The expected answer is all of the entries, written out exactly.
══ Available data ══
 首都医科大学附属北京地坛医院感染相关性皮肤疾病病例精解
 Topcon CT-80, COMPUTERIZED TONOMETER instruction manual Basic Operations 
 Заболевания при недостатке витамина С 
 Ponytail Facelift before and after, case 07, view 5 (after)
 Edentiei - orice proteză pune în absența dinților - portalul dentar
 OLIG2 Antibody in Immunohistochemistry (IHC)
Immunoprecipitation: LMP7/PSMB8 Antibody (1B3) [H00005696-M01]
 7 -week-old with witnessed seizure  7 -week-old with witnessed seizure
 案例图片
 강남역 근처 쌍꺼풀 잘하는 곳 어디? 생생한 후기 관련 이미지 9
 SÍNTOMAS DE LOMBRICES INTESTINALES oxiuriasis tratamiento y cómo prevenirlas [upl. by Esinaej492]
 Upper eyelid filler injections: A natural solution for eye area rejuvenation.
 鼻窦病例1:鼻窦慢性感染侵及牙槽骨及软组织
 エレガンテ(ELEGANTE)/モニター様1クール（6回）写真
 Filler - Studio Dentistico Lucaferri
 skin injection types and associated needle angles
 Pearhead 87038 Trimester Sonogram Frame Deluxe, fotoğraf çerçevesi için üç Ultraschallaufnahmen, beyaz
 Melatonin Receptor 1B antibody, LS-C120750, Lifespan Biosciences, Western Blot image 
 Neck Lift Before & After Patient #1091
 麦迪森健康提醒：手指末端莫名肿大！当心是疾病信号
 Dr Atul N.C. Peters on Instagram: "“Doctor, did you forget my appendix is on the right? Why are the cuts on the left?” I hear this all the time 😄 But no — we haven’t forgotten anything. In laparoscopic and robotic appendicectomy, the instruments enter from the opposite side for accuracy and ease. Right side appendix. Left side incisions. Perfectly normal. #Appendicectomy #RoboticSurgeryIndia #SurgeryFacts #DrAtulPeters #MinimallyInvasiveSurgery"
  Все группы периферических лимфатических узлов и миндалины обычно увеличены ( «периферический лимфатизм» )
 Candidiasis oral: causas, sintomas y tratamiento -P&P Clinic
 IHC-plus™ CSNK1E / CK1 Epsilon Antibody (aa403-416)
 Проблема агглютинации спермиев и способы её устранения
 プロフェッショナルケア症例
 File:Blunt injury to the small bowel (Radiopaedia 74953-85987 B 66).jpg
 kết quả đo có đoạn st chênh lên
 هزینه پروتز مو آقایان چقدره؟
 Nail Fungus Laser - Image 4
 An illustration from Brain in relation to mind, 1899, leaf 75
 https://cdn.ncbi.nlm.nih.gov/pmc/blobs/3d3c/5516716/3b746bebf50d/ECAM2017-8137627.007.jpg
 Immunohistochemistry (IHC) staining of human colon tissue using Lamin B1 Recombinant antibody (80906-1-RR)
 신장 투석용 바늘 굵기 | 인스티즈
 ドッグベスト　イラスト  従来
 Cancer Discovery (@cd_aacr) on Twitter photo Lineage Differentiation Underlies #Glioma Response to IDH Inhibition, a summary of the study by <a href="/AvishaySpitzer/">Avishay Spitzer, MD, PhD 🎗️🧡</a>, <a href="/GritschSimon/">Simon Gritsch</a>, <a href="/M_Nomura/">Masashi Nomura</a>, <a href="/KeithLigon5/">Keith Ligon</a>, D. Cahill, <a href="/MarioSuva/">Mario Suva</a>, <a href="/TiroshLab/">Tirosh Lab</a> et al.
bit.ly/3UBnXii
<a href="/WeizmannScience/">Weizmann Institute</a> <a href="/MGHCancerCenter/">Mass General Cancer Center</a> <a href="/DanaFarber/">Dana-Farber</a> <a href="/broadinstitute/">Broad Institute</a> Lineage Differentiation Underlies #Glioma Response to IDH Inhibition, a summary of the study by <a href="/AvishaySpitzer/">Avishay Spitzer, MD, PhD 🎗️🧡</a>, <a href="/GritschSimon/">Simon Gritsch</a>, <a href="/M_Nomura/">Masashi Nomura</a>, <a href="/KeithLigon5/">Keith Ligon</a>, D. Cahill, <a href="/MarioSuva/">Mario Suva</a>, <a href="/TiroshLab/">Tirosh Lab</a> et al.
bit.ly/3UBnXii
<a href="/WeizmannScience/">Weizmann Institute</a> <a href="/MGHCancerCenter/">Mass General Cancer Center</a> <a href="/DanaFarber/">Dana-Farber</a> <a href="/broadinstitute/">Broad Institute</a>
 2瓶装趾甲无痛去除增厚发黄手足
═══
• Exercise result
 首都医科大学附属北京地坛医院感染相关性皮肤疾病病例精解
 Topcon CT-80, COMPUTERIZED TONOMETER instruction manual Basic Operations 
 Заболевания при недостатке витамина С 
 Ponytail Facelift before and after, case 07, view 5 (after)
 Edentiei - orice proteză pune în absența dinților - portalul dentar
 OLIG2 Antibody in Immunohistochemistry (IHC)
Immunoprecipitation: LMP7/PSMB8 Antibody (1B3) [H00005696-M01]
 7 -week-old with witnessed seizure  7 -week-old with witnessed seizure
 案例图片
 강남역 근처 쌍꺼풀 잘하는 곳 어디? 생생한 후기 관련 이미지 9
 SÍNTOMAS DE LOMBRICES INTESTINALES oxiuriasis tratamiento y cómo prevenirlas [upl. by Esinaej492]
 Upper eyelid filler injections: A natural solution for eye area rejuvenation.
 鼻窦病例1:鼻窦慢性感染侵及牙槽骨及软组织
 エレガンテ(ELEGANTE)/モニター様1クール（6回）写真
 Filler - Studio Dentistico Lucaferri
 skin injection types and associated needle angles
 Pearhead 87038 Trimester Sonogram Frame Deluxe, fotoğraf çerçevesi için üç Ultraschallaufnahmen, beyaz
 Melatonin Receptor 1B antibody, LS-C120750, Lifespan Biosciences, Western Blot image 
 Neck Lift Before & After Patient #1091
 麦迪森健康提醒：手指末端莫名肿大！当心是疾病信号
 Dr Atul N.C. Peters on Instagram: "“Doctor, did you forget my appendix is on the right? Why are the cuts on the left?” I hear this all the time 😄 But no — we haven’t forgotten anything. In laparoscopic and robotic appendicectomy, the instruments enter from the opposite side for accuracy and ease. Right side appendix. Left side incisions. Perfectly normal. #Appendicectomy #RoboticSurgeryIndia #SurgeryFacts #DrAtulPeters #MinimallyInvasiveSurgery"
  Все группы периферических лимфатических узлов и миндалины обычно увеличены ( «периферический лимфатизм» )
 Candidiasis oral: causas, sintomas y tratamiento -P&P Clinic
 IHC-plus™ CSNK1E / CK1 Epsilon Antibody (aa403-416)
 Проблема агглютинации спермиев и способы её устранения
 プロフェッショナルケア症例
 File:Blunt injury to the small bowel (Radiopaedia 74953-85987 B 66).jpg
 kết quả đo có đoạn st chênh lên
 هزینه پروتز مو آقایان چقدره؟
 Nail Fungus Laser - Image 4
 An illustration from Brain in relation to mind, 1899, leaf 75
 https://cdn.ncbi.nlm.nih.gov/pmc/blobs/3d3c/5516716/3b746bebf50d/ECAM2017-8137627.007.jpg
 Immunohistochemistry (IHC) staining of human colon tissue using Lamin B1 Recombinant antibody (80906-1-RR)
 신장 투석용 바늘 굵기 | 인스티즈
 ドッグベスト　イラスト  従来
 Cancer Discovery (@cd_aacr) on Twitter photo Lineage Differentiation Underlies #Glioma Response to IDH Inhibition, a summary of the study by <a href="/AvishaySpitzer/">Avishay Spitzer, MD, PhD 🎗️🧡</a>, <a href="/GritschSimon/">Simon Gritsch</a>, <a href="/M_Nomura/">Masashi Nomura</a>, <a href="/KeithLigon5/">Keith Ligon</a>, D. Cahill, <a href="/MarioSuva/">Mario Suva</a>, <a href="/TiroshLab/">Tirosh Lab</a> et al.
bit.ly/3UBnXii
<a href="/WeizmannScience/">Weizmann Institute</a> <a href="/MGHCancerCenter/">Mass General Cancer Center</a> <a href="/DanaFarber/">Dana-Farber</a> <a href="/broadinstitute/">Broad Institute</a> Lineage Differentiation Underlies #Glioma Response to IDH Inhibition, a summary of the study by <a href="/AvishaySpitzer/">Avishay Spitzer, MD, PhD 🎗️🧡</a>, <a href="/GritschSimon/">Simon Gritsch</a>, <a href="/M_Nomura/">Masashi Nomura</a>, <a href="/KeithLigon5/">Keith Ligon</a>, D. Cahill, <a href="/MarioSuva/">Mario Suva</a>, <a href="/TiroshLab/">Tirosh Lab</a> et al.
bit.ly/3UBnXii
<a href="/WeizmannScience/">Weizmann Institute</a> <a href="/MGHCancerCenter/">Mass General Cancer Center</a> <a href="/DanaFarber/">Dana-Farber</a> <a href="/broadinstitute/">Broad Institute</a>
 2瓶装趾甲无痛去除增厚发黄手足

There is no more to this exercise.